Through the use of portraiture and created mixed media objects, Asha Elana Casey in the words of Ntozake Shange, seeks to “find God in herself and love her fiercely”, while showing the ways in which our ancestors sought out God before and beyond colonization. Her work presents some of the narratives present in stories about the Abosom, Ancestors, Orishas, and Saints through her lens and vessel. She begins her series with Eleggua and slowly introduces the other deities. She situates them in one energetic center to speak to the aspects of her West African culture lost to the slave trade. The figure’s face is painted in black and white to symbolize enlightenment and how spirit walks with our highest self. However, flesh depiction may change based on the spiritual tradition. The bodies of the deities are adorned in intricate patterns reminiscent of mandalas or sacred geometry to exemplify their place in the universe. The work explores similarities and differences across the diasporic traditions. Many of the recognizable symbols stem from religious iconography from the Yoruba/Ifa, Akan, Santeria, Hoodoo (Conjure/Rootwork), and Catholic traditions.
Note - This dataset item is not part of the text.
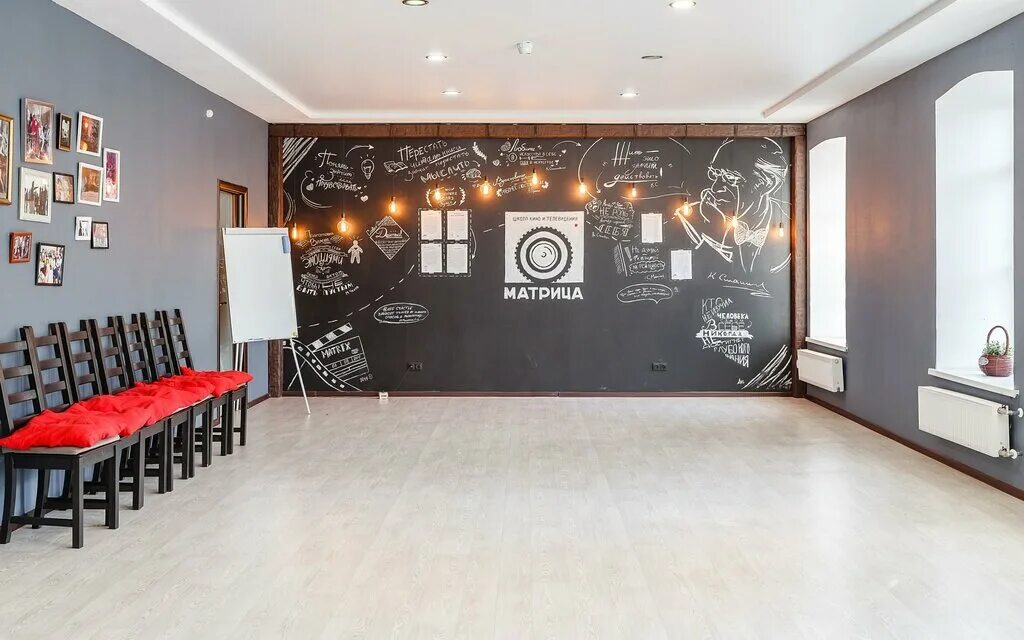 киношколы петербурга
Modern symbols ever present in her work is the adornment of teeth (grillz) to symbolize monetary power, acrylic nails to accent one of the many self-care practices of Black women, and postures of power exemplified in the culture of American Black people.
Asha Elana Casey (born April 30, 1994) is a contemporary painter and mixed media artist. She began her artistic training at the Duke Ellington School of the Arts in Washington, DC. Casey is a graduate of the Corcoran School of Art and Design at George Washington University and an Anderson’s Ranch residency recipient. She currently lives and works in DC.